Records shown:
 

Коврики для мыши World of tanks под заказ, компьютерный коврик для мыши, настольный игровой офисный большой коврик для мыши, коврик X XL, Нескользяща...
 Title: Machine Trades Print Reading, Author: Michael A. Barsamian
==
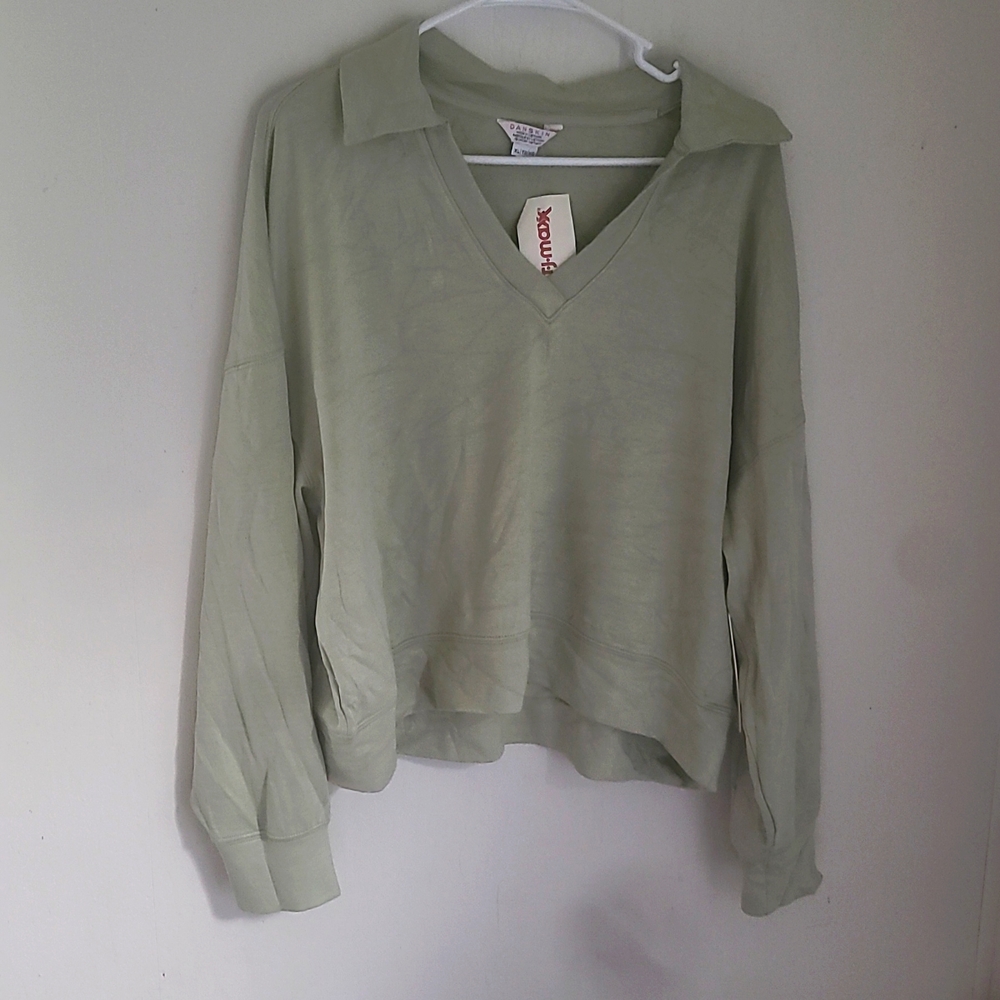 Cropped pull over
--
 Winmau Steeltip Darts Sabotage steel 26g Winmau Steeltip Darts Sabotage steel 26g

Task directions: Could you restate, word for word, the lines above from the one with "Коврики для мыши" to the one with "Title: Machine Trades", both included?

The answer:
Коврики для мыши World of tanks под заказ, компьютерный коврик для мыши, настольный игровой офисный большой коврик для мыши, коврик X XL, Нескользяща...
 Title: Machine Trades Print Reading, Author: Michael A. Barsamian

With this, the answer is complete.